American publisher of business news and business information for the sex industry

XBIZ is an American publisher of business news and information for the sex industry, based in Los Angeles, California.

In addition to its flagship "Xbiz.com" website, XBIZ publishes two monthly trade magazines, hosts winter and summer exhibition and industry conferences, as well as facilitates networking among adult online professionals through a business-to-business (B2B) professional networking service. XBIZ company representatives are frequently cited in mainstream media articles about business trends and practices in the industry.

XBIZ and its affiliated publications and services are operated by Adnet Media, which was founded in 1998 by adult-internet industry veteran Alec Helmy, a founding member of the Association of Sites Advocating Child Protection (ASACP).

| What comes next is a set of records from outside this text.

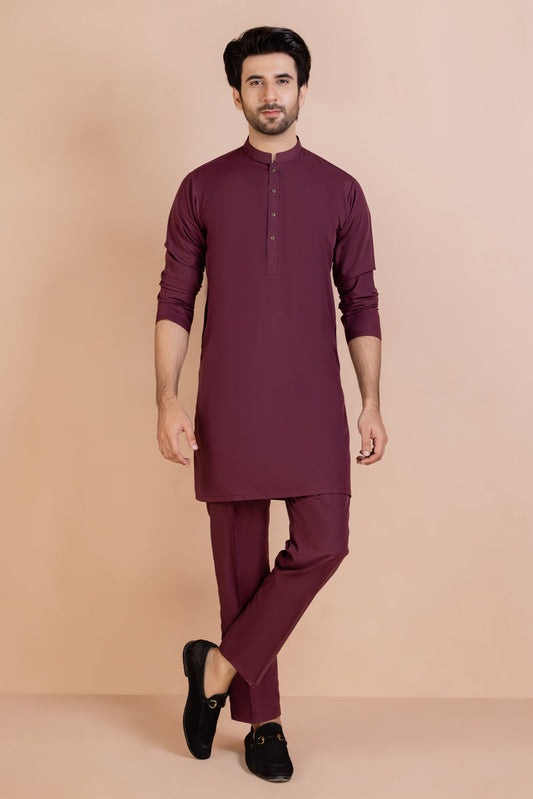 WINE-BLENDED-KURTA PAJAMA/TROUSER (KSR22-013)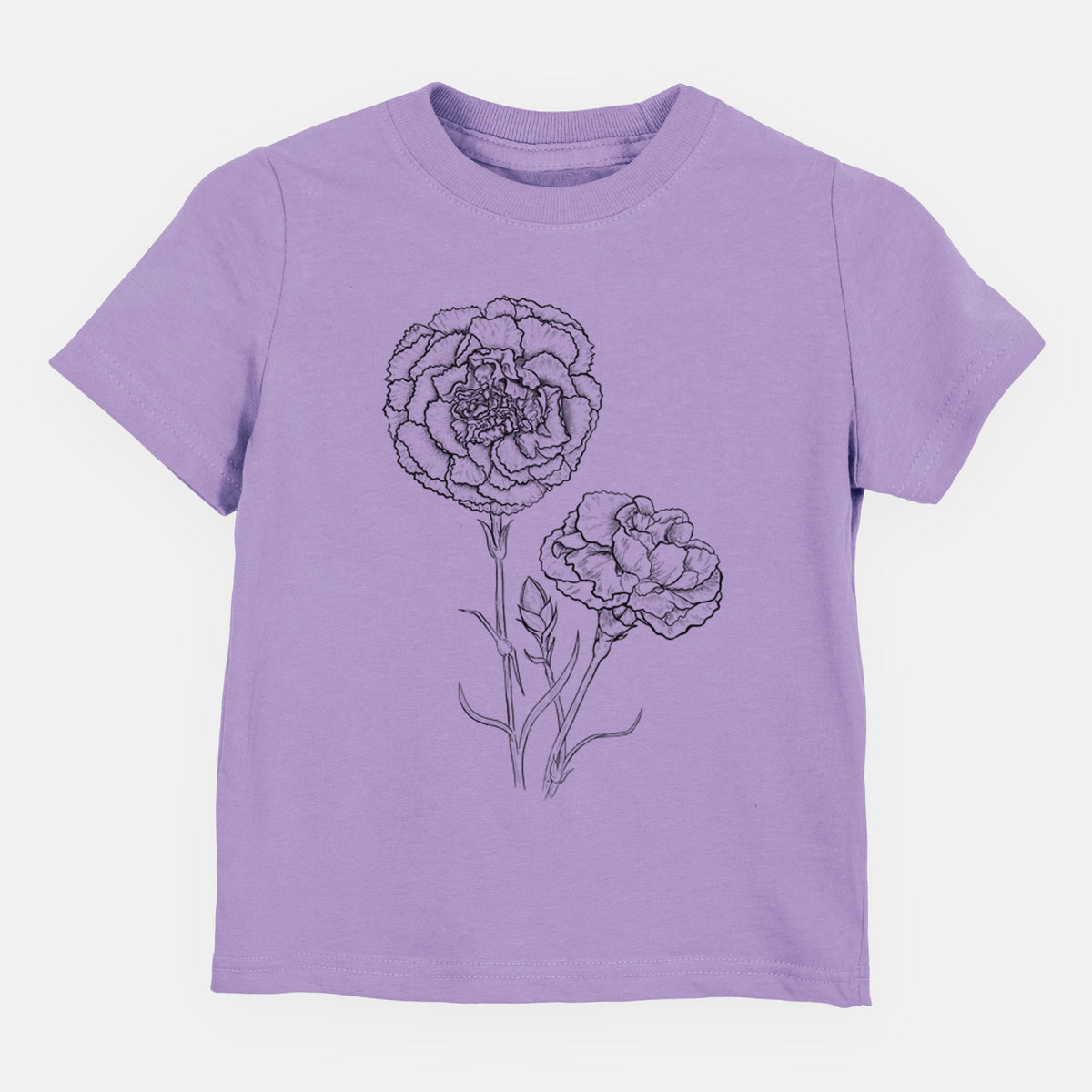Lavender toddler t-shirt laid flat, printed with a black ink line drawing of carnation flowers on stems.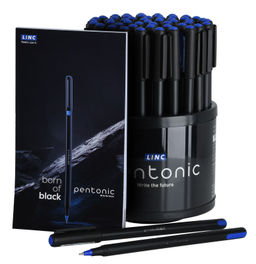 Ручка шариковая Linc PENTONIC синяя 0,7 мм, черный круглый корпус, игольчатый наконечник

== News and information products ==
- XBIZ Digital Edition – XBIZ Digital features digital editions of the XBIZ World Magazine and XBIZ Premiere Magazine business journals, offering online or downloadable versions for offline viewing.
- XBIZ Forum – a three-day business forum and networking event for industry professionals, held at the Hard Rock Hotel and Casino in Paradise, Nevada.
- XBIZ LA Conference – the adult entertainment industry's annual business seminar and trade expo, featuring seminars, workshops, keynote addresses and industry networking events.
- XBIZ Newswire – an adult industry newswire and RSS service
- XBIZ Premiere Magazine (formerly XBIZ Video) – a trade magazine for the adult entertainment industry's retail sector, which reports on the news and developments in the gay, retail, sex toy and video sectors of the adult entertainment industry.
- XBIZ Research – an adult entertainment industry market research program.
- XBIZ World Magazine – a trade magazine for the adult industry's digital media sector, which features Internet and technology news, feature articles, market analysis, trend reports and interviews with online adult industry trendsetters.
- XBIZ.com – an adult industry business news and resource enterprise portal, which features headline news, feature articles, event listings, blogs, message boards, business services and a comprehensive company directory of the adult entertainment industry.
- XBIZ.net – an adult entertainment industry business-to-business professional network service that connects adult entertainment industry professionals with new business opportunities.

== XBIZ Awards ==

XBIZ gives annual industry awards in adult entertainment.

The XBIZ Awards are the largest award ceremony in the B2B sector of the sex industry. The award takes place at the winter conference and is organized by the industry magazine. The first event took place in 2003. The nominations are determined by members of the industry. The jury is provided by employees, colleagues, and partners of XBIZ.